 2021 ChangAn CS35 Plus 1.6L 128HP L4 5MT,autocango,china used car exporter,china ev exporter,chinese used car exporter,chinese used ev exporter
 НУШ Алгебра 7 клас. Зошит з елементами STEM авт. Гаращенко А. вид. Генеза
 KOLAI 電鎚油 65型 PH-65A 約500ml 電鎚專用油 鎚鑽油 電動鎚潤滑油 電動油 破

--

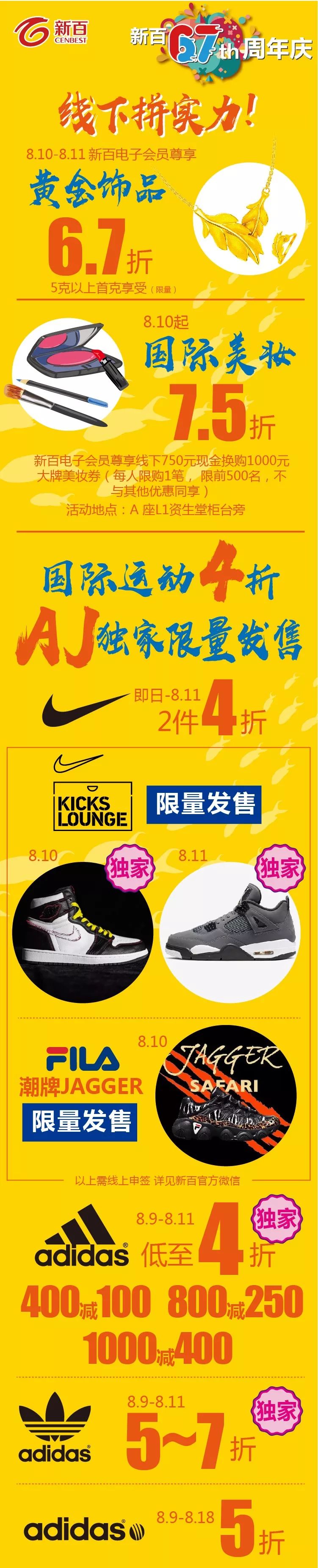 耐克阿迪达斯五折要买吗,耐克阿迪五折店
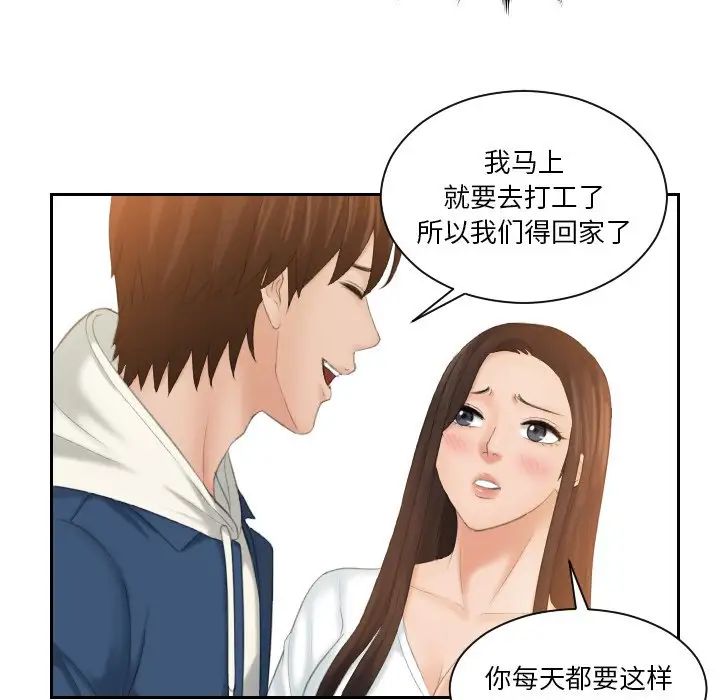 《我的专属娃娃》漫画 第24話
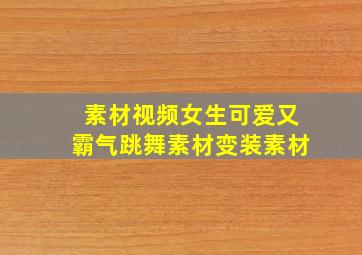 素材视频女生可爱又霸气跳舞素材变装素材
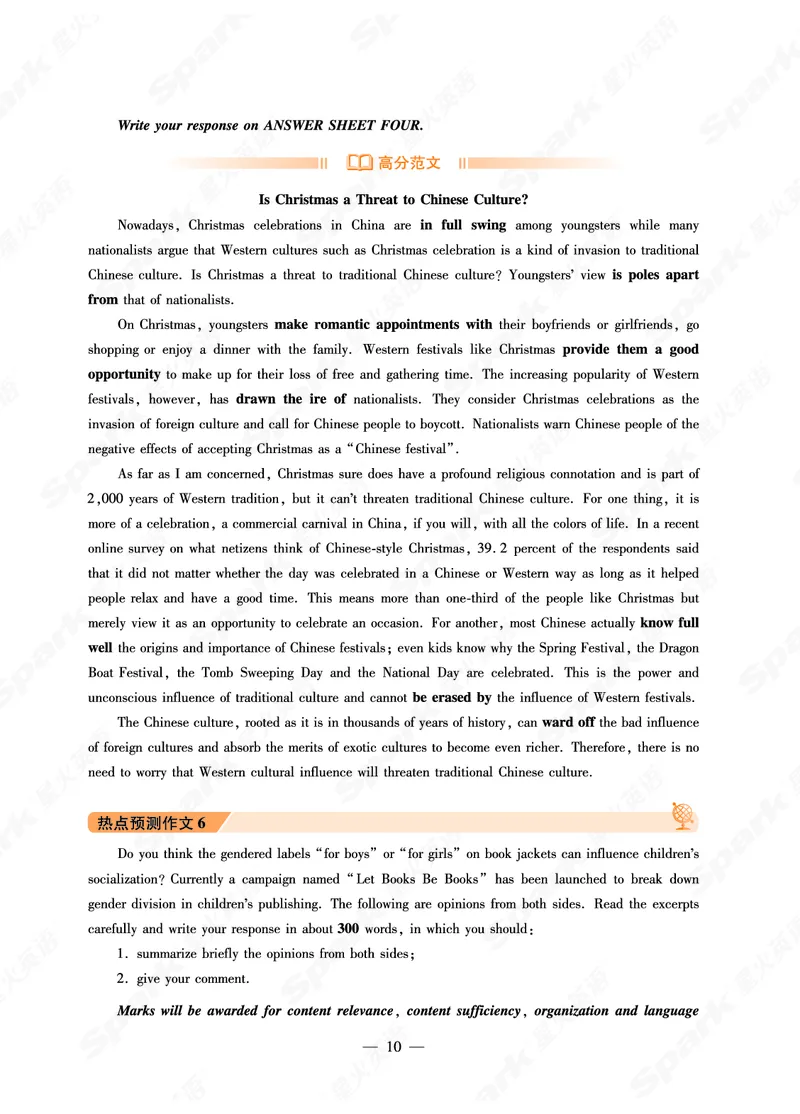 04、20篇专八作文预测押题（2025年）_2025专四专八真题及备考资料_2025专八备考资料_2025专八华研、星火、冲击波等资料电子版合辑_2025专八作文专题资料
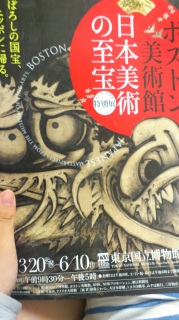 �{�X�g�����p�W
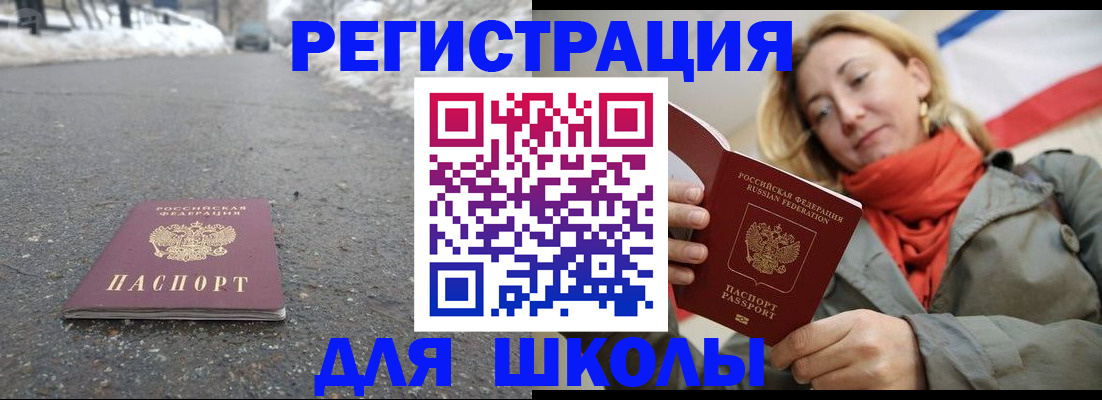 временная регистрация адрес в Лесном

* * *

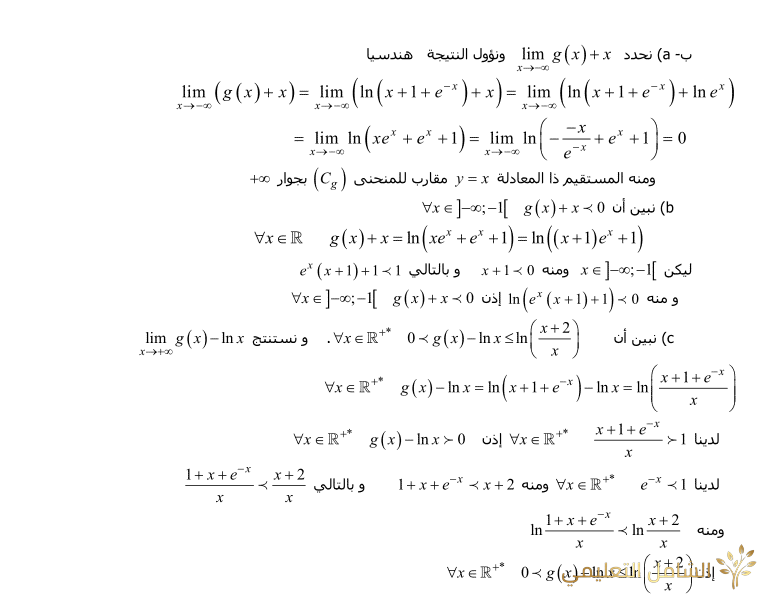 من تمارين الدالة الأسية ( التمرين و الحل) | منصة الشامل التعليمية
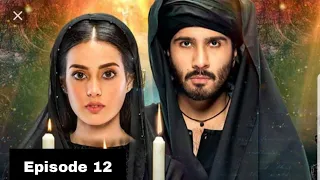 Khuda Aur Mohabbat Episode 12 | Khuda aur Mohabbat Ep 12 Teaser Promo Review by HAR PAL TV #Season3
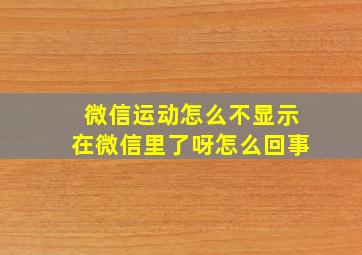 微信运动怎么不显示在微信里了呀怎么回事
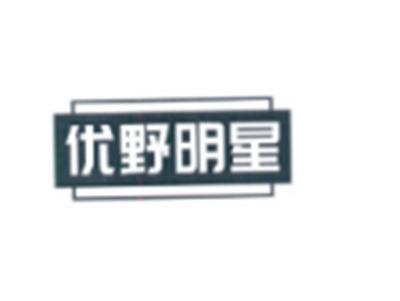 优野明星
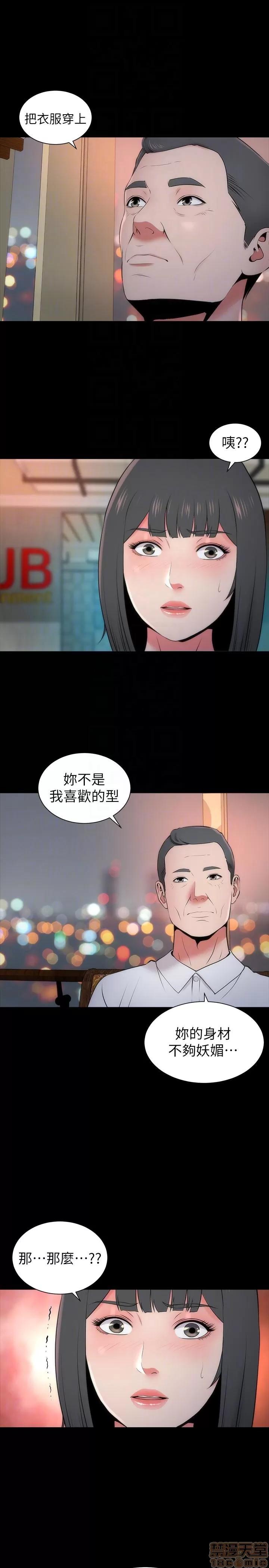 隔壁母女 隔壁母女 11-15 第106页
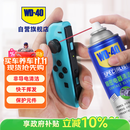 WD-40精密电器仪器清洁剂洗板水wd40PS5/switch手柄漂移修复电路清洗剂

• What you need to do
Each line in the listing above from the one containing "2021 ChangAn CS35" through the one containing "НУШ Алгебра 7" should be repeated exactly, and no other line.

• Result
 2021 ChangAn CS35 Plus 1.6L 128HP L4 5MT,autocango,china used car exporter,china ev exporter,chinese used car exporter,chinese used ev exporter
 НУШ Алгебра 7 клас. Зошит з елементами STEM авт. Гаращенко А. вид. Генеза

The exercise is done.